Well, yes, but this is supposed to be a buffer overflow — the algorithm itself is reading and/or writing past the end of the buffer it's been handed. My hypothesis was that Golang is allocating in such a way that reading/writing a single byte past the received slice bounds won't result in a protection fault in the way you'd expect if the allocation were exact.

[halffullbrain]

The buffer overflow is in the C version of the algorithm (and likely related to loop condition checks idiomatic to C's for-loops). The Go version is a fresh implementation, not a wrapping of the C version. I'm no Go programmer, but if I'm not mistaken, the Go implementation just eats little slices of the input buffer until no more buffer is left, leaving all the overflow-danger to the Go array implementation:

https://github.com/golang/crypto/blob/642fcc37f5043eadb2509c...

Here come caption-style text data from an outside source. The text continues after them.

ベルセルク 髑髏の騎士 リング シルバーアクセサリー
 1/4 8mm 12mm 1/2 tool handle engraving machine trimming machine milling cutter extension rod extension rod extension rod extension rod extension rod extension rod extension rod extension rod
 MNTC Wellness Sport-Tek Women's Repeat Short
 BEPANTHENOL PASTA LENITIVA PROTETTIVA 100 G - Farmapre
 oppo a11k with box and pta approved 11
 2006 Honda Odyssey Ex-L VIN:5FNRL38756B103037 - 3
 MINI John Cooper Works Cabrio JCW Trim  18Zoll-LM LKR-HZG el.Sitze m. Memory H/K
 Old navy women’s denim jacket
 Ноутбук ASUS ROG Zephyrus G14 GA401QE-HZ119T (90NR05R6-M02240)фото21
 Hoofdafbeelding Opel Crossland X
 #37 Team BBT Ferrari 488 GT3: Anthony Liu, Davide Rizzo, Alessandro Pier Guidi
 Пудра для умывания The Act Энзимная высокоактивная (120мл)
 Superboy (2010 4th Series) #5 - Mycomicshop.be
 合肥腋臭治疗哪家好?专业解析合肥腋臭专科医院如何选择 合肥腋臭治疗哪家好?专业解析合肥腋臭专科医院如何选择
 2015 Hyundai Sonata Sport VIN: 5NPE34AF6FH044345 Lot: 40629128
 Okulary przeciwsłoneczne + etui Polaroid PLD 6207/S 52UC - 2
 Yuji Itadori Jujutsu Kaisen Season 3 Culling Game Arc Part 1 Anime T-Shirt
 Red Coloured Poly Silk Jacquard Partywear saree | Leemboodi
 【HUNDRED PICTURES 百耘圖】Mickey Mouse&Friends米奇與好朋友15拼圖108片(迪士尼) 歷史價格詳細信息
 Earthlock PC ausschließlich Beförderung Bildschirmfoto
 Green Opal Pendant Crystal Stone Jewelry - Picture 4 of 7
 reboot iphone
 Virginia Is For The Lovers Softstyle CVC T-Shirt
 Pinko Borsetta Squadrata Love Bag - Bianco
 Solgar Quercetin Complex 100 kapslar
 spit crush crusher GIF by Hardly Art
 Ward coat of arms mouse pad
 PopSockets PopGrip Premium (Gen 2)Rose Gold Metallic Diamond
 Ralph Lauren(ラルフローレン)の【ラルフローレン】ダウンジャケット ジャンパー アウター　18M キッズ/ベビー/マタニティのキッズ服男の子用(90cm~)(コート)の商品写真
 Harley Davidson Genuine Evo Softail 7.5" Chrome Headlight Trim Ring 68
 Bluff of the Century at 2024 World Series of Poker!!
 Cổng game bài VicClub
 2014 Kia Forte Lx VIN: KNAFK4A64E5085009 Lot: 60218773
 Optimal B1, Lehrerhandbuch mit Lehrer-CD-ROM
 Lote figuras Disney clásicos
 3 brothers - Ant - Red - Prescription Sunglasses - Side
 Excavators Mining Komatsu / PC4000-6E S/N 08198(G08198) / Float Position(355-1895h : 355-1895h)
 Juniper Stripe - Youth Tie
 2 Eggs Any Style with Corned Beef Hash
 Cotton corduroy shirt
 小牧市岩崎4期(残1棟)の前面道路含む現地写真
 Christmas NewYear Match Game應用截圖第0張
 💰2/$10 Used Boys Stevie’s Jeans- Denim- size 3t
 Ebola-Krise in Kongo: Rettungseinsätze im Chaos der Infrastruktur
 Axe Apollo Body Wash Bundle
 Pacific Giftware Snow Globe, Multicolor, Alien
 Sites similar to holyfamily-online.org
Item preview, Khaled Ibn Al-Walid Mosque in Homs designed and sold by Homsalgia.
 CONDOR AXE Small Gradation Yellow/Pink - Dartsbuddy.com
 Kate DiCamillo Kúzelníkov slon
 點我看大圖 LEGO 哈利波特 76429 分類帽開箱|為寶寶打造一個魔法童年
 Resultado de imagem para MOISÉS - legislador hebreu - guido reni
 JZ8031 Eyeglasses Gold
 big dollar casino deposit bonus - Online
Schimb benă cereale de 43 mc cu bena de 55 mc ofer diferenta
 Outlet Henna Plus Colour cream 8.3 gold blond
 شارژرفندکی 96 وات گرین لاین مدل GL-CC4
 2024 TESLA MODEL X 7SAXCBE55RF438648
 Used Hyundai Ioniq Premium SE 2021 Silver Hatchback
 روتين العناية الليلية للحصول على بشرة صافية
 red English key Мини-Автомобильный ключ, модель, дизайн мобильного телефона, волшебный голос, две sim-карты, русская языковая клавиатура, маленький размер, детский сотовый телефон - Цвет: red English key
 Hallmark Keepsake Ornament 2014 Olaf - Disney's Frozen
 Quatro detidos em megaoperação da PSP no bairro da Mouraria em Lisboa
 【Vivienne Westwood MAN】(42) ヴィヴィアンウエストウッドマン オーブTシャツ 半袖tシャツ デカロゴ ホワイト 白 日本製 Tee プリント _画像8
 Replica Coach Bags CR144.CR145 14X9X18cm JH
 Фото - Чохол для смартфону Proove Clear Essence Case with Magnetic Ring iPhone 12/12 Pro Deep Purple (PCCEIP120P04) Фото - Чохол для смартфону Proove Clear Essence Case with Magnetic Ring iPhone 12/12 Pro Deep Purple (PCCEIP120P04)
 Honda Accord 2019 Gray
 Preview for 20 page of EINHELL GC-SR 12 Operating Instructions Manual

Possibly not as fast as C, but easier to reason about, I'd say.

[tptacek]

Just for what it's worth, we're talking about the amd64 assembly version of the SHA3 code in the x/crypto/sha3 library; I didn't look carefully at how it's called, so if it's used incrementally the way this Go code shows, then yeah, it's fine regardless.

A second later

Oh, wait, yeah, this is just the Keccak permutation in assembly, not the entire hash. That was dumb of me. Yeah, this code looks ok?

[halffullbrain]

Indeed, the two assembly variants are just of the 1600 byte block bit fiddling (keccakF1600).

The outer loop of the Write method (function?) is the same for all architectures.